An Unquiet Mind: A Memoir of Moods and Madness by Kay Redfield Jamison
Brent Jones
Kay Redfield Jamison wrote An Unquiet Mind: A Memoir of Moods and Madness. A Professor of Psychiatry at the Johns Hopkins University School of Medicine and Honorary Professor of English at the University of St Andrew, whose work is centered on bipolar disorder, something she has had since she was a child.
Jamison says that the cultural and medical shift from calling the problem "manic depression" into the term "bipolar disorder" has not clarified anything or helped. She was criticized for saying about the condition of bipolar that: "We have known for hundreds and hundreds and hundreds of years that it is genetic.” She sees the illness as the effect of genetic disorders. The book presents her view and is her memoir that has shaped her life and ideas.

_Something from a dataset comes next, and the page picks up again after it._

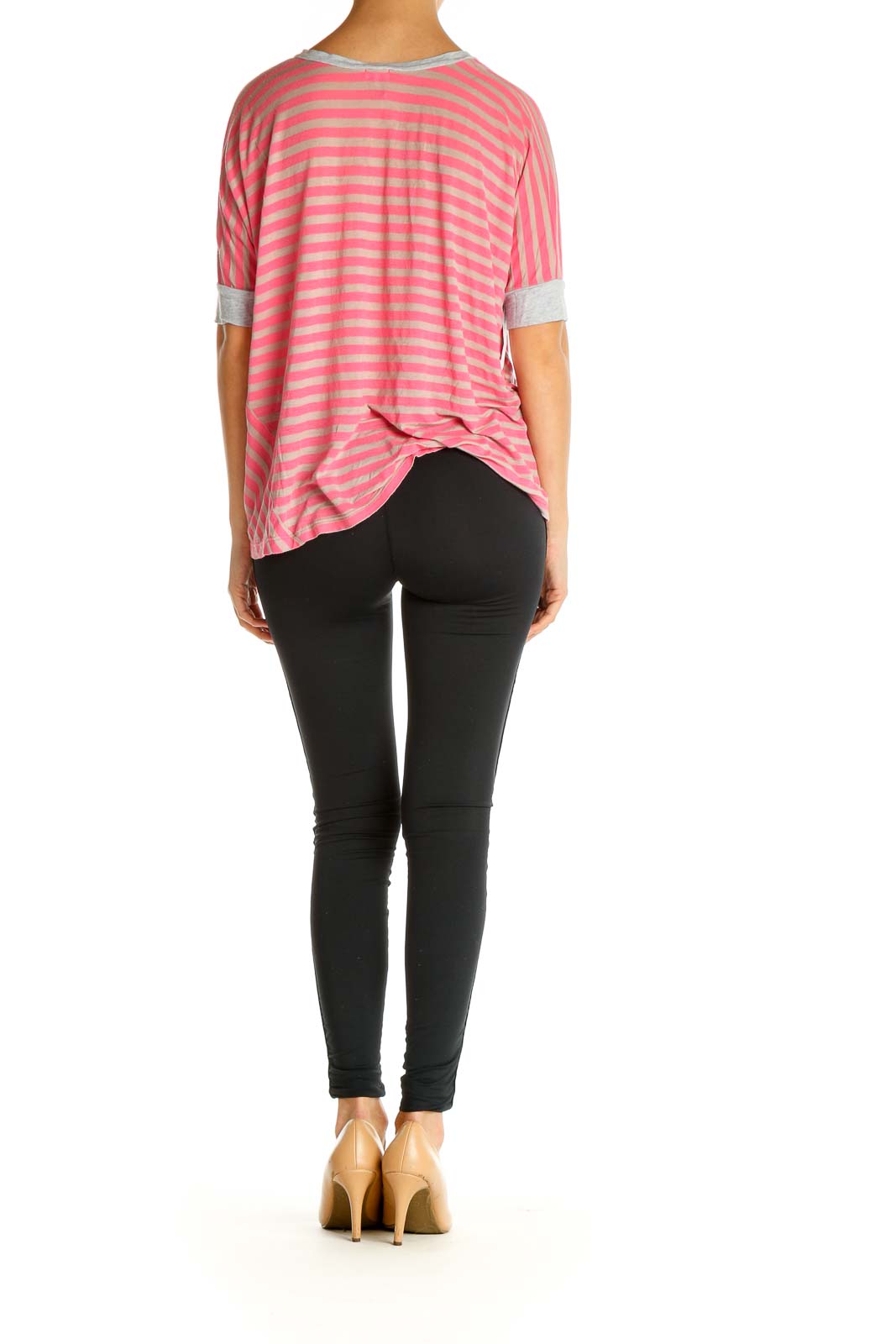 Pink Striped All Day Wear T-Shirt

In the book, Jamison says, “Others imply that they know what it is like to be depressed because they have gone through a divorce, lost a job, or broken up with someone. But these experiences carry with them feelings. Depression, instead, is flat, hollow, and unendurable. It is also tiresome. People cannot abide being around you when you are depressed. They might think that they ought to, and they might even try. Still, you know, and they know that you are tedious beyond belief: you are irritable, paranoid, humorless, lifeless, critical, and demanding, and no reassurance is ever enough. You're frightened and frightening, and you're "not at all like yourself, but will be soon, but you know you won't.”

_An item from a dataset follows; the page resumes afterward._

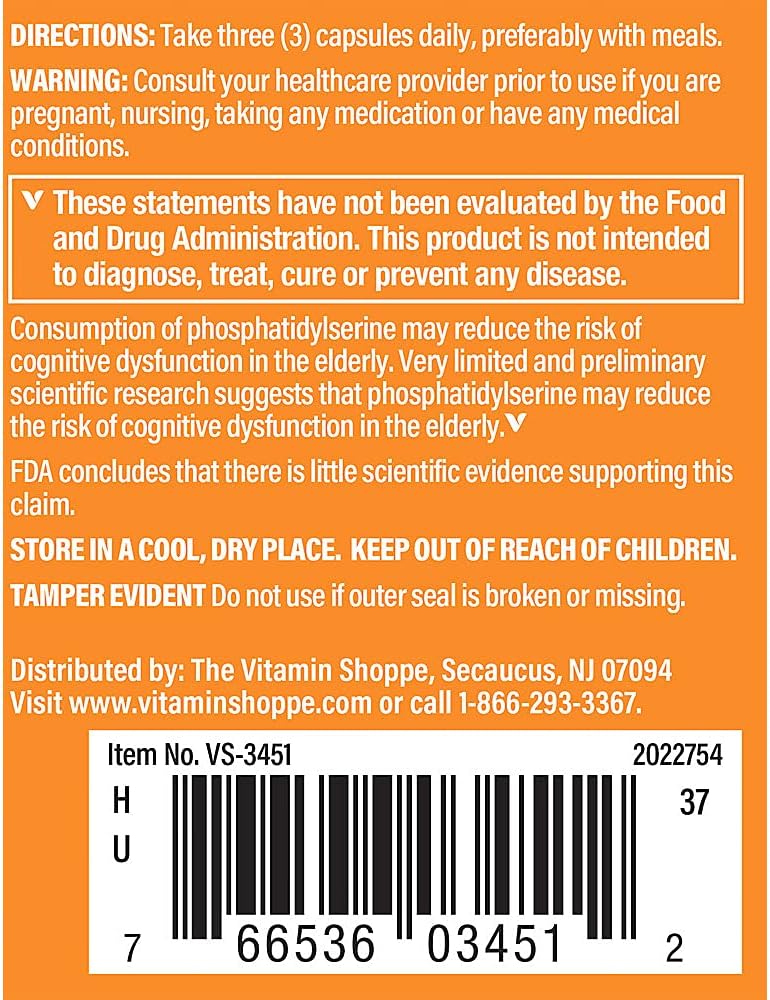 The Vitamin Shoppe Brain Sharp con Acetil-L-carnitina y Fosfatidilserina (90 Cápsulas)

"People go mad in idiosyncratic ways," one chapter begins. This may seem obvious, but Jamison feels it is a clinical fact, and she shows it by writing about her childhood, family, work, and relationships.

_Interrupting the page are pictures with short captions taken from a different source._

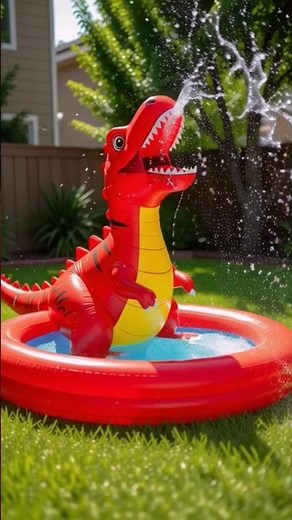 Inflatable Dinosaur Pool 🦖💦 | Crazy Backyard Fun!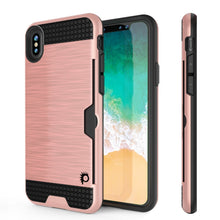 Load image into Gallery viewer, iPhone X Case, PUNKcase [SLOT Series] Slim Fit Dual-Layer Armor Cover &amp; Tempered Glass PUNKSHIELD Screen Protector for Apple iPhone X [Rose Gold] 

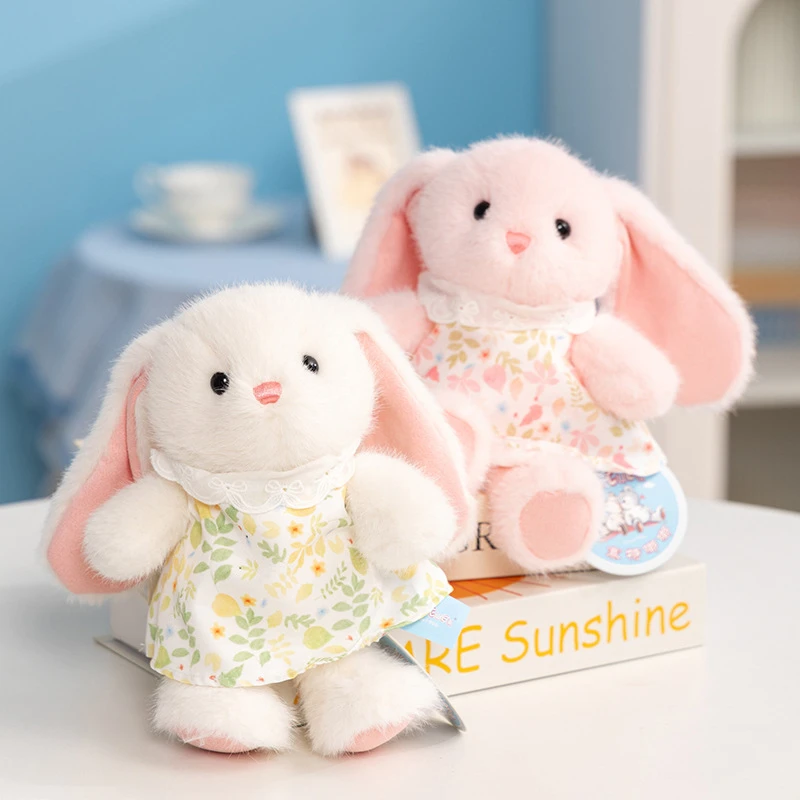 新款玩偶艾吉兔公仔小清新毛绒玩具碎花裙可爱兔子玩偶安抚礼物批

The book is considered one of the most fantastic about manic depression or bipolar disorder.
Important Quotes
“No amount of love can cure madness or unblacken one's dark moods. Love can help; it can make the pain more tolerable, but, always, one is accountable to medication that may or may not always work and may or may not be bearable.”
“We all build internal sea walls to keep at bay the sadnesses of life and the often overwhelming forces within our minds. In whatever way we do this--through love, work, family, faith, friends, denial, alcohol, drugs, or medication, we build these walls, stone by stone, over a lifetime. ”
“Which of my feelings are real? Which of me's is me? The wild, impulsive, chaotic, energetic, and crazy one? Or the shy, withdrawn, desperate, suicidal, doomed, and tired one? Probably a bit of bot,h hopefully much that is neither.”